Just a few calls i turned today

























just the barrels. hopein to try to make an insert soon


----------



## bill (May 21, 2004)

I like the shapes. Are you sanding them and using a dip finish?


----------



## j&d (Apr 6, 2013)

How im doing them right now is dry sanding with180,220,340 and 600 then applying tung oil then polyutethane. But i may be changing it up soon im still new i just started doing this


----------



## bill (May 21, 2004)

Ok, the sanding part sounds good. The last picture the end seems a little rough. I used to use Tung oil but now save it for special projects. Real Tung oil can take days to dry, even a week, then if you wanted to put on poly you could (but I don't). I like the Tung oil finish but just too long to wait for me LOL

I do like your shapes so keep grinding.


----------



## lady linda (Nov 25, 2008)

All very nice. Thanks for the post


----------



## j&d (Apr 6, 2013)

The last one i forgot to sand before the picture its fixed now and ya the tung oil im using drys relatively quick


----------



## bill (May 21, 2004)

Ok, there's a tung oil and a tung varnish...must be the varnish your using.

Try out some BLO, I have found it works as well at popping the grain and you can put on a finish quicker as well.


----------



## j&d (Apr 6, 2013)

Ok ill look into that and what do you think about instead of poly using a wax instead?


----------



## bill (May 21, 2004)

your call lol on the finish....if it were me, in a water prone area, I would want the item sealed as much as possible

I'm not a call maker so there are better experienced people here to answer.

I will use wax on items that will be handled because it's easy to wipe them off. If left alone, in time wax will dull, fade turn white and pick up dust ect

When I use poly, it's a few coats then once it's dry, wet sanding start up to 12,000 grit mm. On wood usually sand to 600 then CA finish and wet sand to 12,000. I still use BLO. It works for me. There are as many different ways to do a finish as there are wood turners.

Just keep at it and you will have that "Ah ha" moment.


----------



## Robert A. (Jan 8, 2009)

Looking good amigo.. Sanding is key to a good finish!
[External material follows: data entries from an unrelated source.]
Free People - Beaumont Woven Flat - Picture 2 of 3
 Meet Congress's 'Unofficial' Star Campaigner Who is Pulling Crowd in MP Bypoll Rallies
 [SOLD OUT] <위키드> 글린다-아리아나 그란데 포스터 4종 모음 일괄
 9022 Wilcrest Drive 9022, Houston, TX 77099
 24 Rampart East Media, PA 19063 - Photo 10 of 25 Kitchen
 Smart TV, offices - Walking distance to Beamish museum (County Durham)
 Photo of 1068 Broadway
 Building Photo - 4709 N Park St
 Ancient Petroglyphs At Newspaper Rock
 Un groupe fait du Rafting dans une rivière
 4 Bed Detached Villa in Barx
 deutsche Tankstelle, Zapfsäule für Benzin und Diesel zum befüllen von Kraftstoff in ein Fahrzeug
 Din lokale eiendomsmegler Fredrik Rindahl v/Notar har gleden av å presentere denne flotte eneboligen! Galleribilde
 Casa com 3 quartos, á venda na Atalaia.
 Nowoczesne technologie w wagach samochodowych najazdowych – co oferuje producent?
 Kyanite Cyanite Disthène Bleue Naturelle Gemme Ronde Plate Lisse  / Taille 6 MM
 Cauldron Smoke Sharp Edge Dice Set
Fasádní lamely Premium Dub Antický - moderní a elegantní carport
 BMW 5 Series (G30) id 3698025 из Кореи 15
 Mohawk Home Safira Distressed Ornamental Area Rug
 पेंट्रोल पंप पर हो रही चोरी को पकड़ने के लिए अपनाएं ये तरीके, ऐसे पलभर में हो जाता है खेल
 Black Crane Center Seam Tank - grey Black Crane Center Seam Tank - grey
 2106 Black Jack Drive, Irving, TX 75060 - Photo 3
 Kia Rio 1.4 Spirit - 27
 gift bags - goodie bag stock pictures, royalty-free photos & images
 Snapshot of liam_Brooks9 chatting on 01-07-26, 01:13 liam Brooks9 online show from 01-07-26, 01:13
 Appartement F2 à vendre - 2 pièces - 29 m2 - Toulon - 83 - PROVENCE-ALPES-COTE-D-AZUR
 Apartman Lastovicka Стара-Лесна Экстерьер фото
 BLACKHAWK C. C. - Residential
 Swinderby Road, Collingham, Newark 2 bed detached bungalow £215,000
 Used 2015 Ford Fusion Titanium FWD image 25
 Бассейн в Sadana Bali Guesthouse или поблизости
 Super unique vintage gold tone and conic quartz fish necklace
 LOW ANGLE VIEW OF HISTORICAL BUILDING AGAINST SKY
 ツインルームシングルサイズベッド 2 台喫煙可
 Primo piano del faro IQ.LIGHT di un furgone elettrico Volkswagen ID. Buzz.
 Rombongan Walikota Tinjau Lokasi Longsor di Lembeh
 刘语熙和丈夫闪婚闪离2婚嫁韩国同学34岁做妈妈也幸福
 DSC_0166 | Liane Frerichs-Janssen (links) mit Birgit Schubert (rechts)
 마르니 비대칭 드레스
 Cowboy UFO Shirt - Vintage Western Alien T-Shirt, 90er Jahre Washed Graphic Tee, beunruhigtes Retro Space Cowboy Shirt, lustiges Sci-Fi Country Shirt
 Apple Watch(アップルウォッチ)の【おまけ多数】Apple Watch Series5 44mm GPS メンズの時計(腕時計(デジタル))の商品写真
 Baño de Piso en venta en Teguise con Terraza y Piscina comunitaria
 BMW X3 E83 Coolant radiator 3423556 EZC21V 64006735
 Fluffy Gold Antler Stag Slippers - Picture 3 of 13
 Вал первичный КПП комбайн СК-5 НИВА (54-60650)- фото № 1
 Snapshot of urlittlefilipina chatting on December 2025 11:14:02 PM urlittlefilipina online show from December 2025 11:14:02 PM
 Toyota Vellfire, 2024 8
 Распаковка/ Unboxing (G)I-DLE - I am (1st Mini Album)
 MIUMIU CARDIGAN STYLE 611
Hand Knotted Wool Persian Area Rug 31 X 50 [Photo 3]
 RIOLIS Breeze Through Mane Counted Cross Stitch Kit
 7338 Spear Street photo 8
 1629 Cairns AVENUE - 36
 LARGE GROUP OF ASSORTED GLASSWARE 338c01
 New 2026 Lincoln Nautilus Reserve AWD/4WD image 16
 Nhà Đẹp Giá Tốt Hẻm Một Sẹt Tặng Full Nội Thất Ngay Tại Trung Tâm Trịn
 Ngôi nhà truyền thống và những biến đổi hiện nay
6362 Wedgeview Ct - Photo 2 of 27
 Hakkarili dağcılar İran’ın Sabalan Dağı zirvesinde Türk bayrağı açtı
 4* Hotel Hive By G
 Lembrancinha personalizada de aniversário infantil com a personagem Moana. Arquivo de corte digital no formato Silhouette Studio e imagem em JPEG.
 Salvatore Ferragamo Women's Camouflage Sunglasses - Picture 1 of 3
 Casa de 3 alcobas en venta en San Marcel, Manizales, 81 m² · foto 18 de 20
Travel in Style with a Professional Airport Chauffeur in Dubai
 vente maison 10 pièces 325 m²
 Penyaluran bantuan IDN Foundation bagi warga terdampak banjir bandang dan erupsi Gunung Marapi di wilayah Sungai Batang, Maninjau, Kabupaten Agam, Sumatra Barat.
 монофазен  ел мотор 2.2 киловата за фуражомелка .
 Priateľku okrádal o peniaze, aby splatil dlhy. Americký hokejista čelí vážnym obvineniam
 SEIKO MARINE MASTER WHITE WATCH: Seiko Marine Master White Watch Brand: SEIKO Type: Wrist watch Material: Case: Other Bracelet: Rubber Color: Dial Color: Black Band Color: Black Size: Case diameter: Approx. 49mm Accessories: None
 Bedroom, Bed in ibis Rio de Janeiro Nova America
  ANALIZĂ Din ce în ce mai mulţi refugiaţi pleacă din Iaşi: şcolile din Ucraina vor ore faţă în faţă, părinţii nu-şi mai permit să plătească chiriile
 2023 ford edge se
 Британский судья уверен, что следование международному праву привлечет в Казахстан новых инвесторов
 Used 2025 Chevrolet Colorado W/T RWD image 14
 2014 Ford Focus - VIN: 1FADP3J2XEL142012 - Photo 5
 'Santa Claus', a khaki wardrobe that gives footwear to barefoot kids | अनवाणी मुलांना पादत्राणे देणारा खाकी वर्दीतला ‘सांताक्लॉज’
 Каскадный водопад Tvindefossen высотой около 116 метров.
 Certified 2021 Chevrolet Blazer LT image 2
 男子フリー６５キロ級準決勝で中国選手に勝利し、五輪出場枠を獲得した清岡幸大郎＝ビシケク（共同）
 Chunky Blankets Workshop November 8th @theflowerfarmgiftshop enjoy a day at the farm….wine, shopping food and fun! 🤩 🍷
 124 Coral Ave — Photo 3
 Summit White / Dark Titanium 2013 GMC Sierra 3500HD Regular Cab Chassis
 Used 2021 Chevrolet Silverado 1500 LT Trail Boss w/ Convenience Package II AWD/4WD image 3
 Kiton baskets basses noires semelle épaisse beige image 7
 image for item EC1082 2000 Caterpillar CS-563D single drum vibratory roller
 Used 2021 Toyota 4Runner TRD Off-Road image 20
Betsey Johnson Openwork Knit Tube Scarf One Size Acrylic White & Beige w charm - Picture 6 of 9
I use BLO on the inside of my calls and it is a good sealer.. There are many finishes out there, Had a fellow call maker do a study on the different finishes and how they react to water, bug sprays ect.. If i can find it i will post it up.. CA is definately the top shelf it just takes time to learn how to apply it.. once you get the hang of it you will like it..


----------



## j&d (Apr 6, 2013)

thanks for all the great help! like i said im very new to all of this i just started turning back in February and so far ive only turned about 8 calls in total so all this feedback is great ill be looking into the BLO


----------